Identifying Inflammatory Mechanisms in Calcific Aortic Valve Disease

Abstract

Aortic stenosis is a common and insidious disease that can lead to heart failure and death. Calcific aortic valve disease, the leading cause of aortic stenosis, has no pharmacologic therapy due to a limited understanding of pathophysiology, but characterization studies have shown increased immune infiltrate and activation of inflammatory pathways. This thesis presents work testing hypotheses regarding two inflammatory pathways (cyclooxygenase-2 and STAT3) and one infiltrating cell type (macrophages) and their roles in valvular calcification. The thesis begins with a thorough background of calcific aortic valve disease, known inflammatory phenomena, and how these phenomena may impact clinical care. It continues with a translational study of cyclooxygenase-2 inhibitor celecoxib, a study of the mechanobiology of myeloid cell activation, and a comprehensive study of macrophage involvement in aortic valve calcification using the Notch1+/- model of disease found in both mice and humans. The body of work concludes with an analysis of clinical diagnostic patterns in aortic stenosis that may be impacted by inflammation, and how they might enact health inequity.
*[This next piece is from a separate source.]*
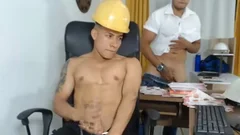 Two Latin Laborers Masturbating In Live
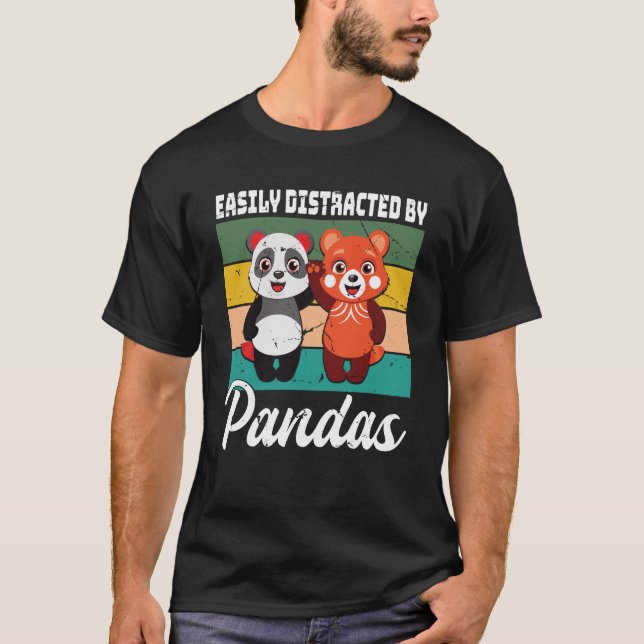 Camiseta Fácilmente distrado por Pandas Cute Panda Rojo y P (Anverso)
A concluding section summarizes the results and their impact, and offers areas of continued investigation. Most impactfully, these studies reveal that celecoxib treatment is associated with aortic stenosis and that the Notch1+/- model of valve disease promotes macrophage infiltration, leading to calcification in part through altered STAT3 splicing. The clinical diagnostics study reveals a pattern of under-diagnosis in those with atypical aortic stenosis, especially female patients. The objective of this thesis is to integrate broad-ranging fields of expertise to highlight novel areas of exploration, specifically immunology and inflammation, that could spark further scientific investigation in this transformational time. Through the body of work described, the author hopes to have moved the field forward and contributed to continued improving care for patients with aortic stenosis.